## [Exercise]
With the images removed, write out each record exactly as given.
──────── Data provided
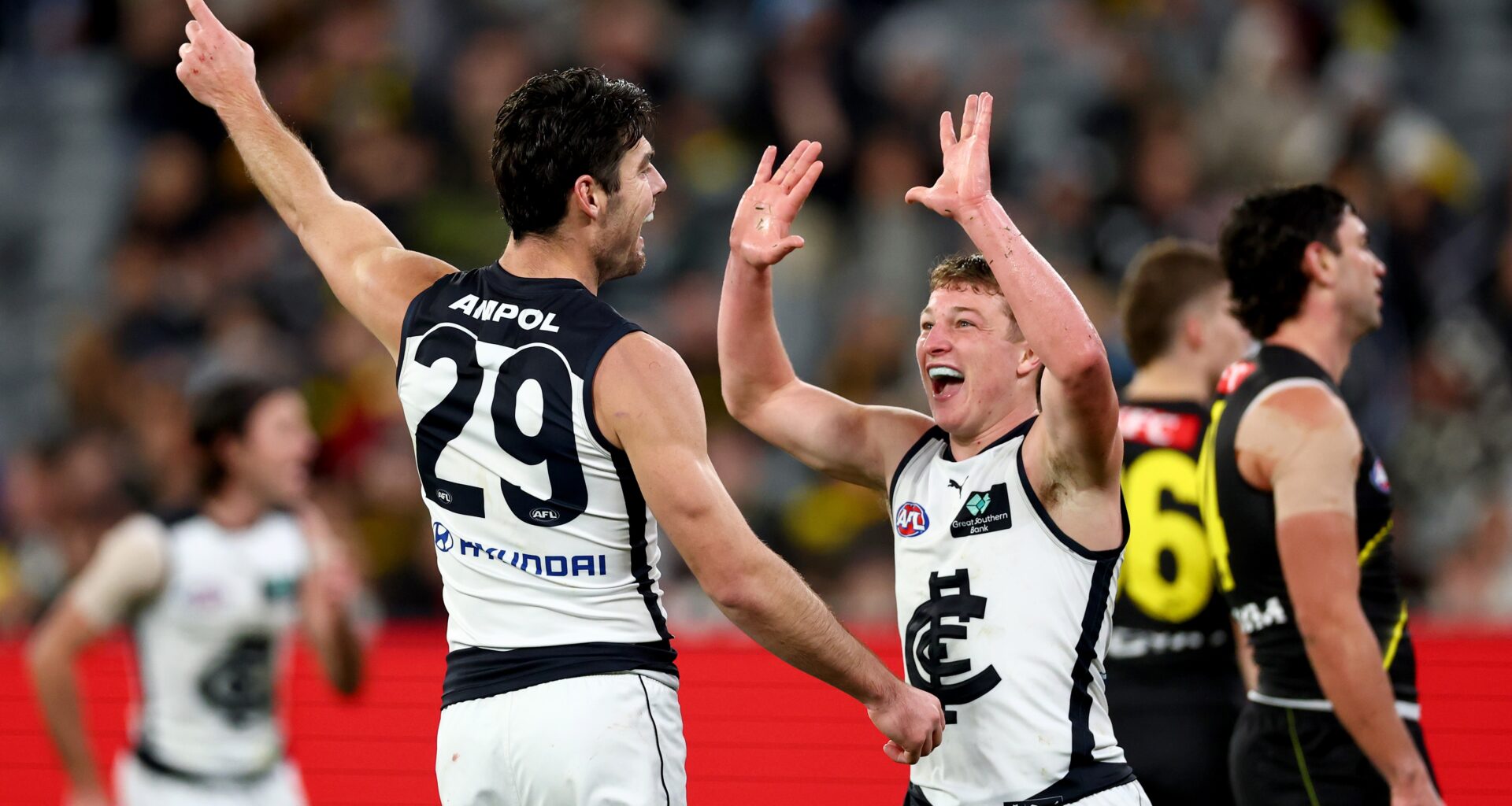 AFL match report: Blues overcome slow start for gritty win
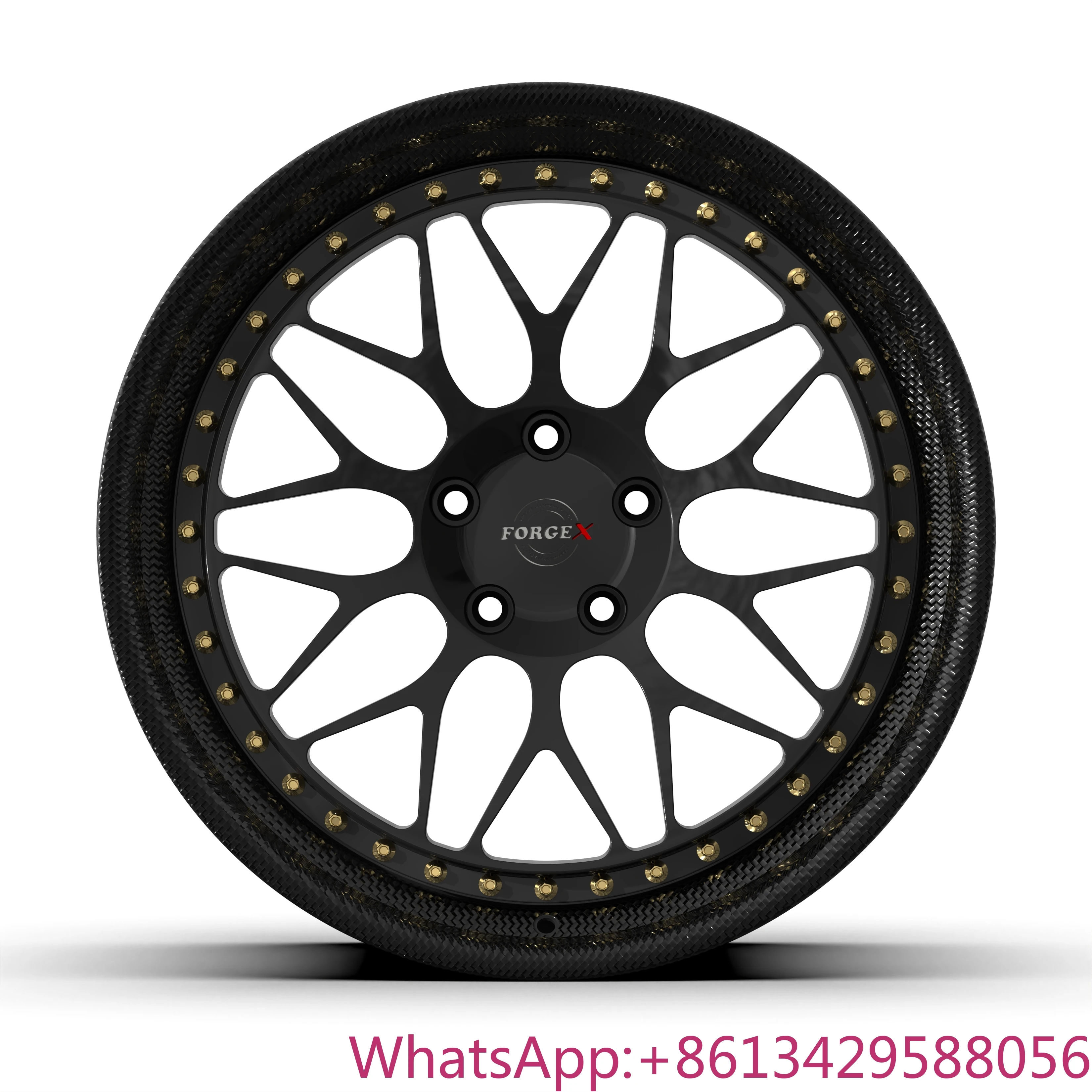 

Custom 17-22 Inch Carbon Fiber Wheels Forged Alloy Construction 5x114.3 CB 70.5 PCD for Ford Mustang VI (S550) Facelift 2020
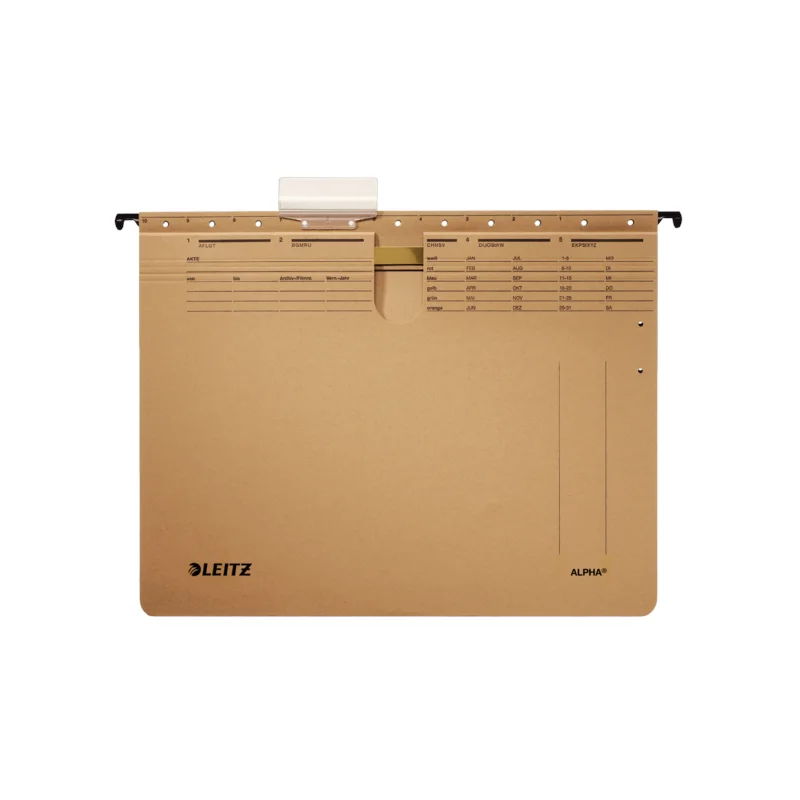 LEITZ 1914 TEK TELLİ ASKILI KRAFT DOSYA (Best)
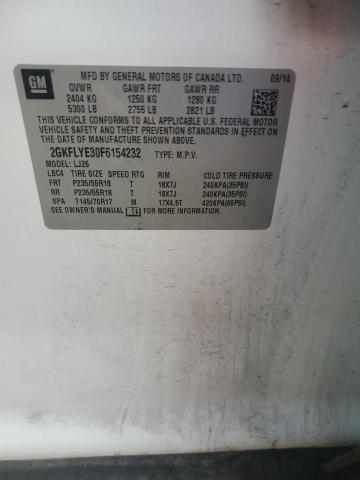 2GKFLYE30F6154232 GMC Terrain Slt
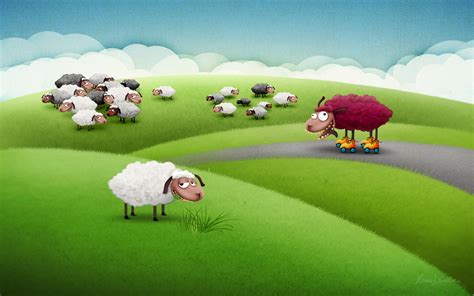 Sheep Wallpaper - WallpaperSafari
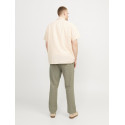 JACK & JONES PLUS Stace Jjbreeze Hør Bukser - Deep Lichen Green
────────────────
## [Task solution]
 AFL match report: Blues overcome slow start for gritty win

Custom 17-22 Inch Carbon Fiber Wheels Forged Alloy Construction 5x114.3 CB 70.5 PCD for Ford Mustang VI (S550) Facelift 2020
 LEITZ 1914 TEK TELLİ ASKILI KRAFT DOSYA (Best)
 2GKFLYE30F6154232 GMC Terrain Slt
 Sheep Wallpaper - WallpaperSafari
 JACK & JONES PLUS Stace Jjbreeze Hør Bukser - Deep Lichen Green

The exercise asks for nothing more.